#### [WHAT TO PRODUCE]
Nothing but the lines from the one including "Zapatillas de ciclismo" through the last line of the entries, restated exactly, should appear in the answer; omit the pictures.

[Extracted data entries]
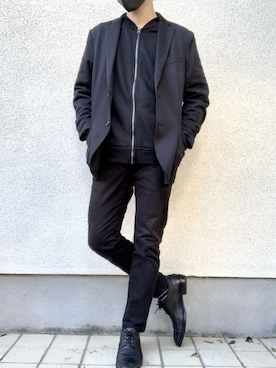 「GAP（ギャップ）のアイテム（ブルゾン）」を使った、morioさん（メンズ・171cm）の春コーディネート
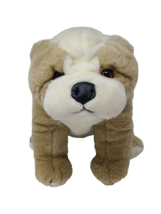 Shar Pei Plush Ty Dog Tan and White Sharpei 16” Medium Plush Stuffed Ani... - £14.99 GBP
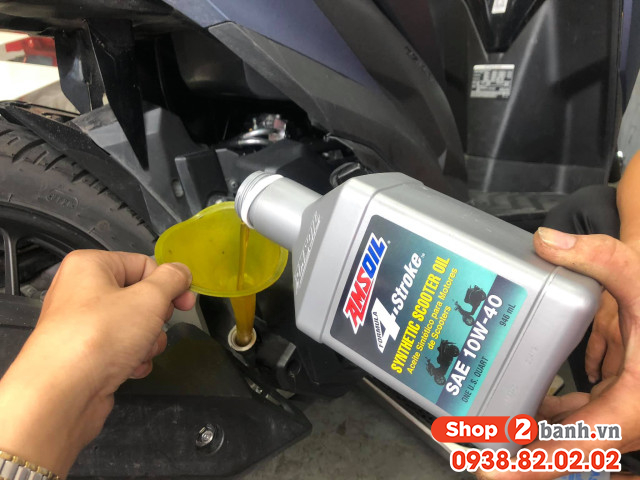 Xe tay ga yamaha gear 125 chạy roda thì thay nhớt như thế nào là chuẩn - 4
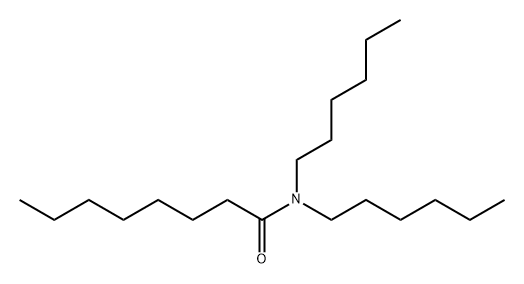 Octanamide, N,N-dihexyl- Structure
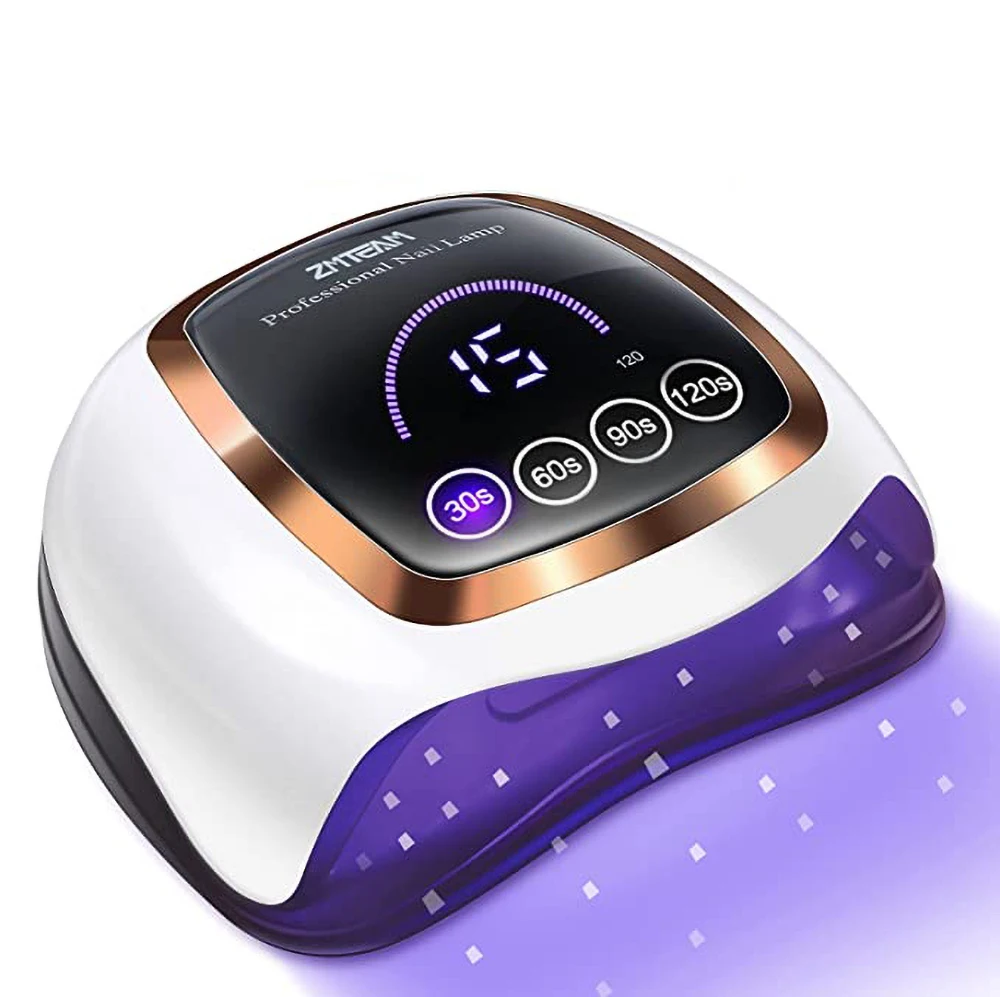 UV Led Nail Lamp ,168W Nail Dryer Gel UV Light for Nails Fast Drying ,Gel Nail Polish Curing Lamp Professional with 4 Timer Smar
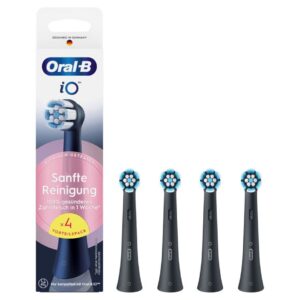 Oral-B iO Børstehoveder – Skånsom Rengøring Sort (4 stk.)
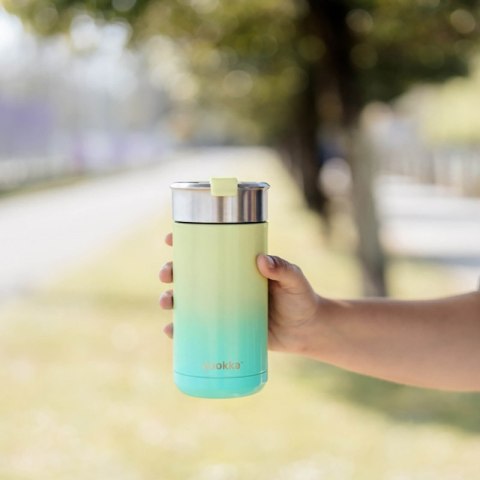 Quokka Boost Coffee Tumbler - Kubek termiczny ze stali nierdzewnej z zaparzaczem 400 ml (Lemon Lime) Quokka Boost Coffee Tumbler - Kubek termiczny ze stali nierdzewnej z zaparzaczem 400 ml (Lemon Lime)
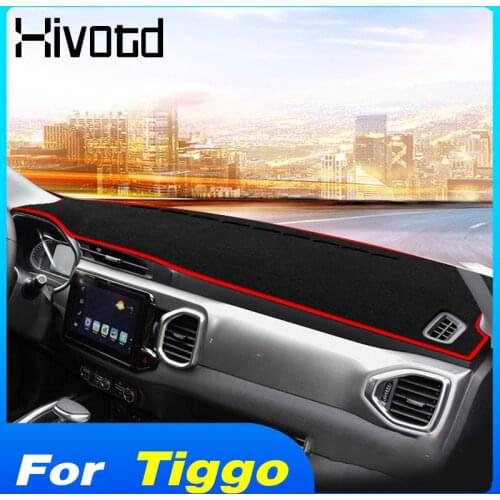 Hivotd Dashboard Mat Car Styling Anti-Slip Pad Interior Protection Accessories Sunshade Cover Carpet For Chery Tiggo 4 2019 2020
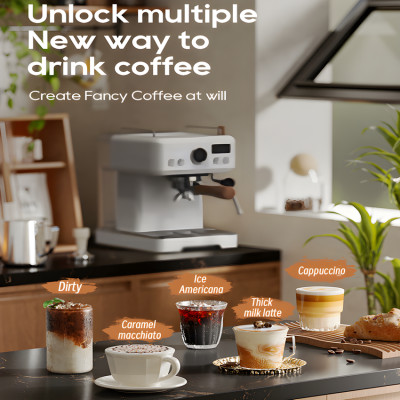 Máy pha cà phê Espresso chuyên nghiệp thương hiệu Mỹ cao cấp HiBREW H10 Plus - Hàng Nhập Khẩu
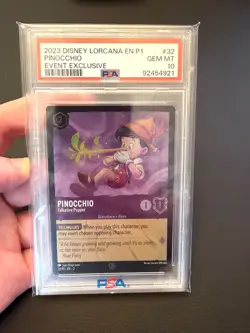 Disney Lorcana - Pinocchio - Talkative Puppet - Promo 32/P1 - PSA 10 💎🔥 - Image 1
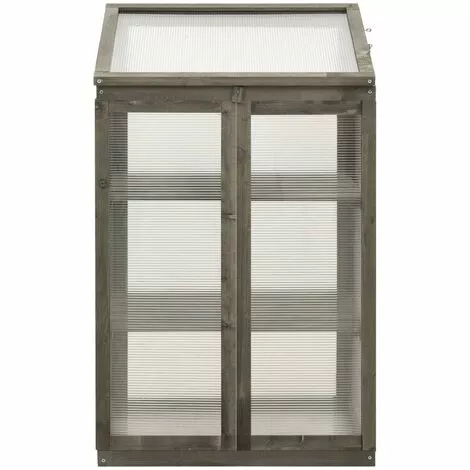 SUPERMARKET Serre 60x45x100 Cm Bois De Sapin SUHB-314849 3 SUPERMARKET Serre 60x45x100 Cm Bois De Sapin SUHB-314849 – Image 3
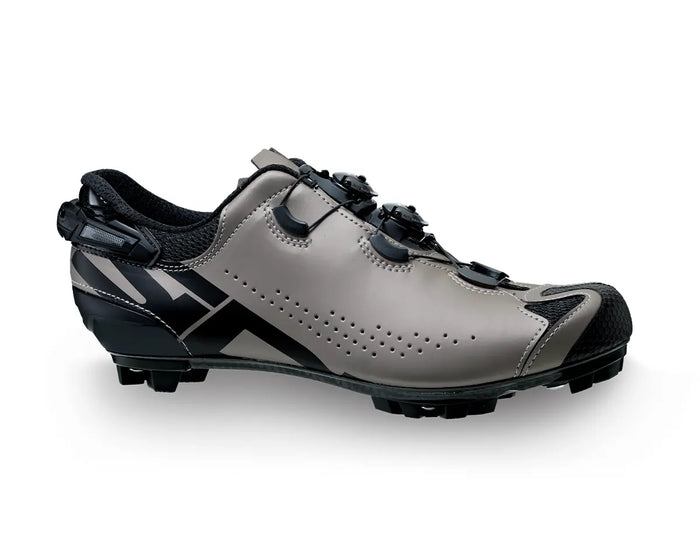 Zapatillas de ciclismo Sidi MTB Tiger 2S SRS Titanium Black compatibles con SPD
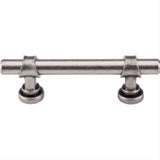 Top Knobs M1754 Bit Cabinet Pull 3" Center to Center Pewter Antique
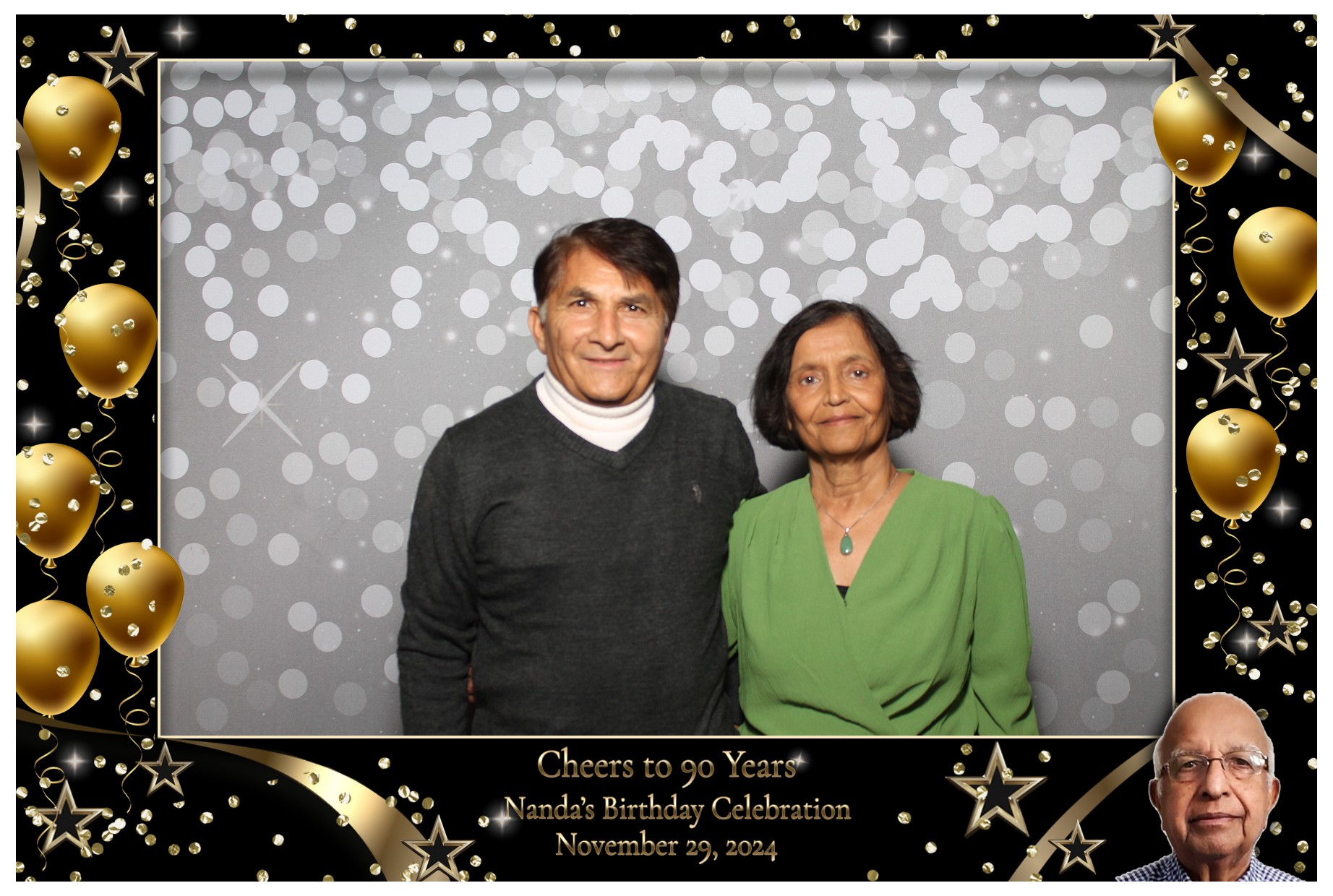 Nanda's 90th! | View more photos from the event at gallery.photoboothcincy.com/u/PhotoBoothCincy/Nandas-90th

#### [RESULT FOR THIS EXERCISE]
 Zapatillas de ciclismo Sidi MTB Tiger 2S SRS Titanium Black compatibles con SPD
 Top Knobs M1754 Bit Cabinet Pull 3" Center to Center Pewter Antique
 Nanda's 90th! | View more photos from the event at gallery.photoboothcincy.com/u/PhotoBoothCincy/Nandas-90th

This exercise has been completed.